- Assignment
Only the lines below from the one that holds "Kiky Saputri hadir" through the one that holds "Crosman Silicone Chamber Oil" should appear in the answer, copied exactly, end lines included and pictures omitted.

- Records to use
***
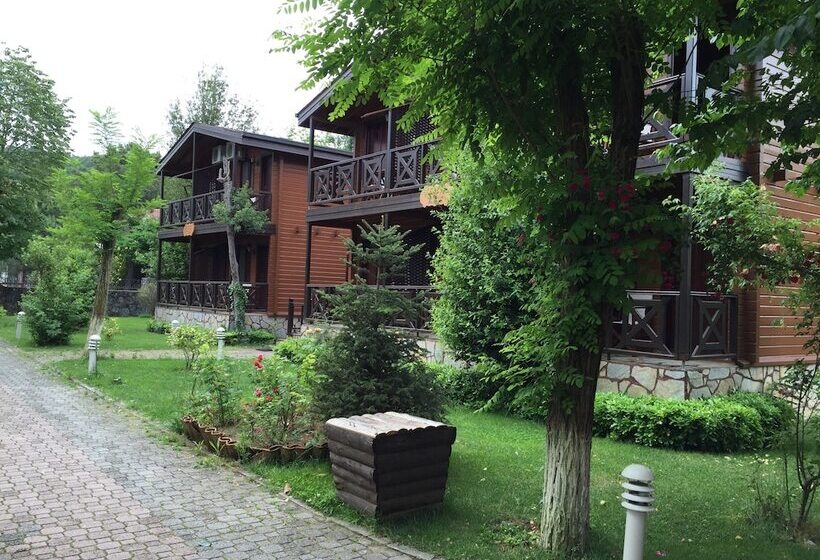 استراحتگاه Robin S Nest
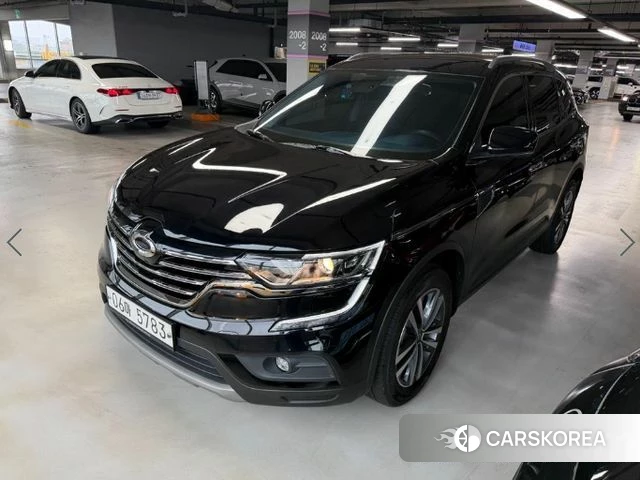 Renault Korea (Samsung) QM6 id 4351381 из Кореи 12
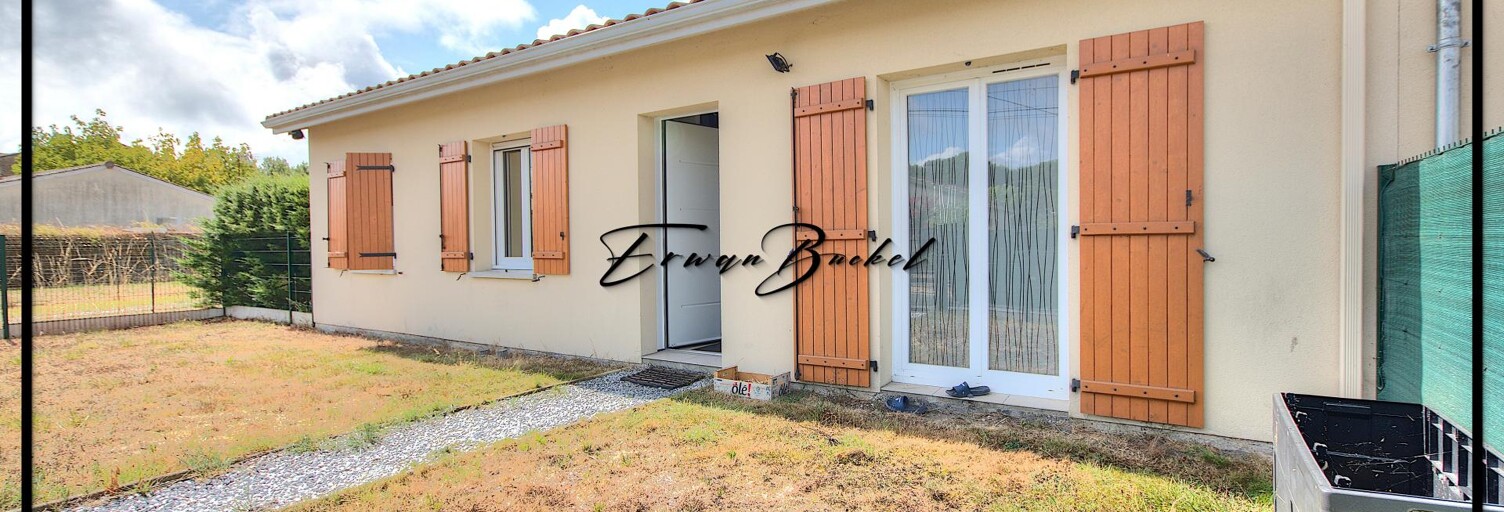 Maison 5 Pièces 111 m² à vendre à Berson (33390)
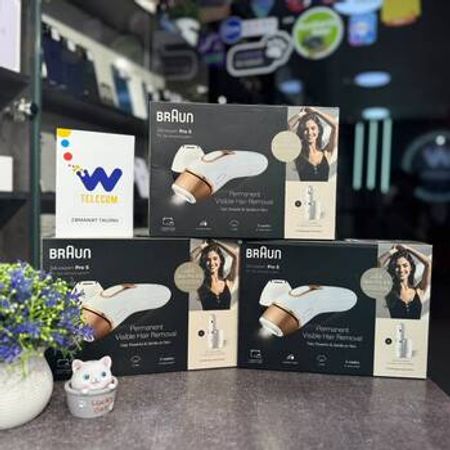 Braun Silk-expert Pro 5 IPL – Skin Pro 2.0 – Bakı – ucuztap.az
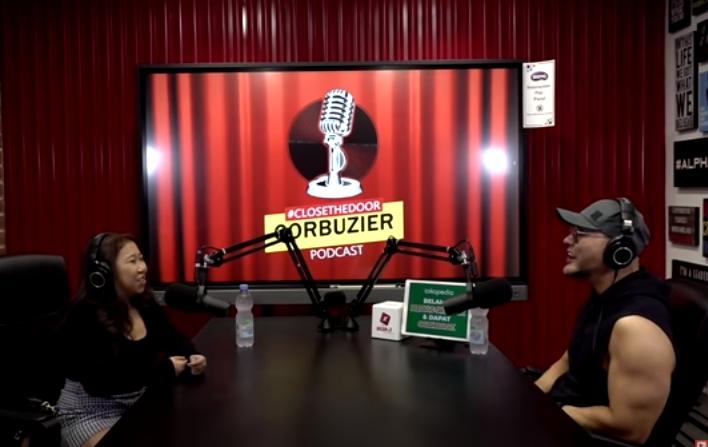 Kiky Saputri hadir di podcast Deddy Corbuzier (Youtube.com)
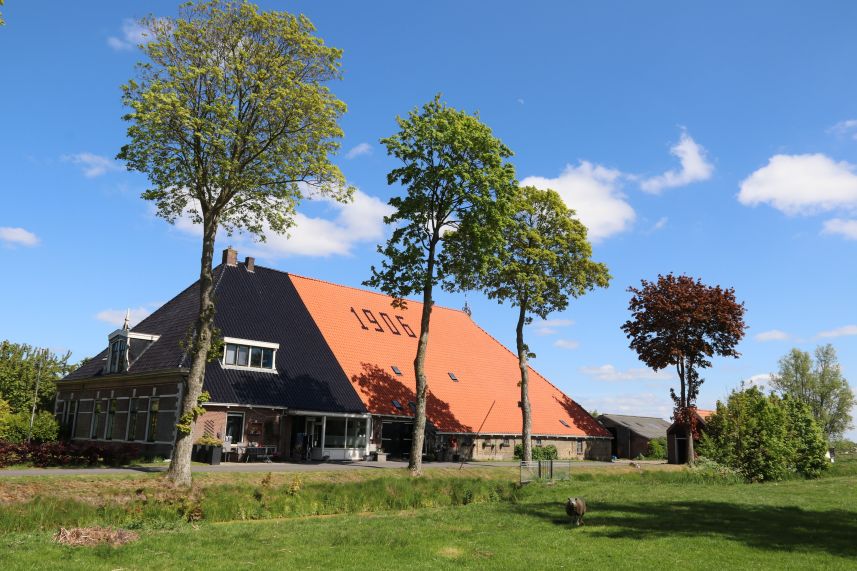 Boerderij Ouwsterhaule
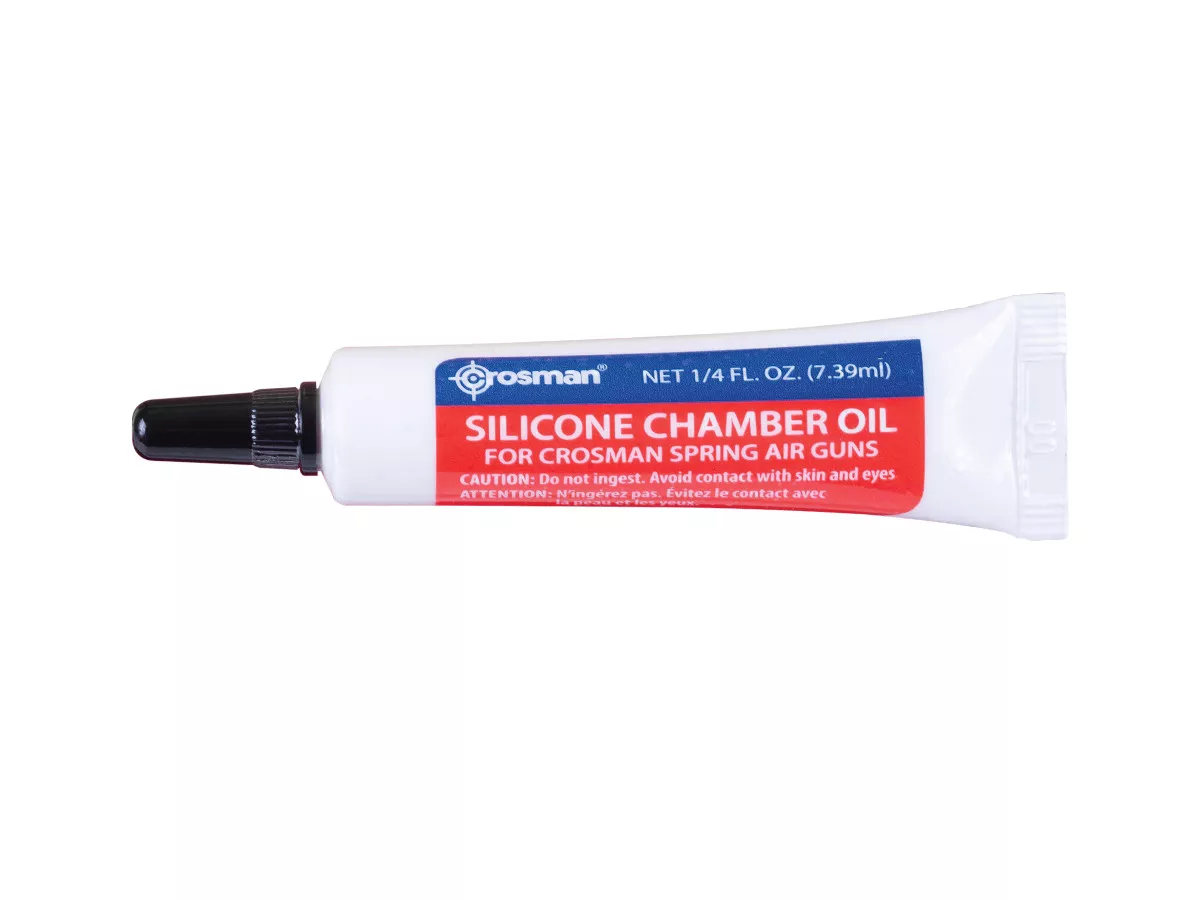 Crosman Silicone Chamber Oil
***
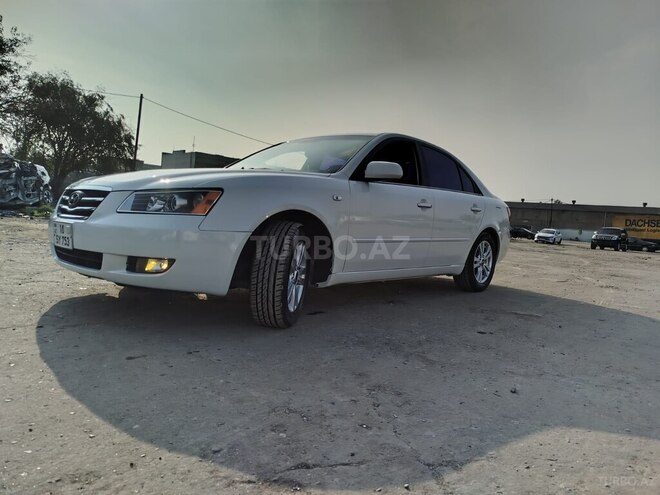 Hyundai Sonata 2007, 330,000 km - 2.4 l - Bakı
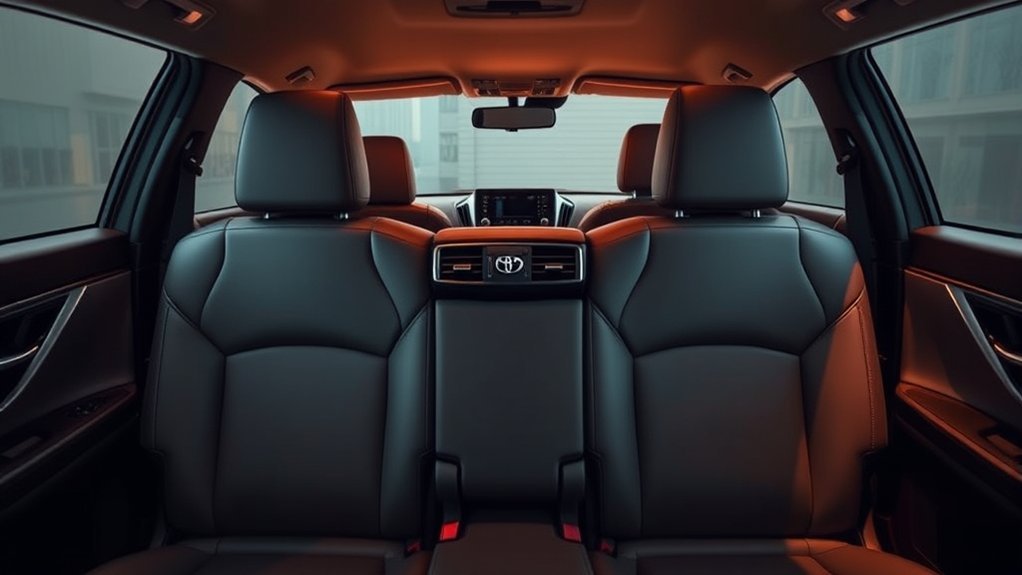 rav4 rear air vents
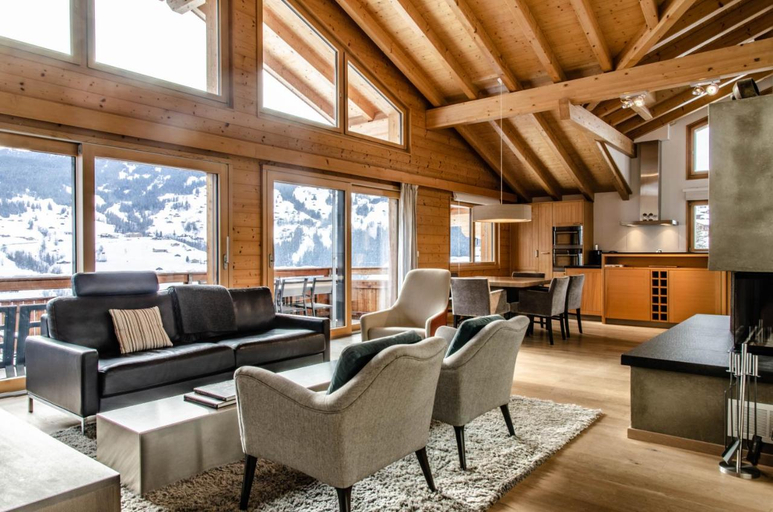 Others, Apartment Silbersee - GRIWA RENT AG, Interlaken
***
- Written solution
 Kiky Saputri hadir di podcast Deddy Corbuzier (Youtube.com)
 Boerderij Ouwsterhaule
 Crosman Silicone Chamber Oil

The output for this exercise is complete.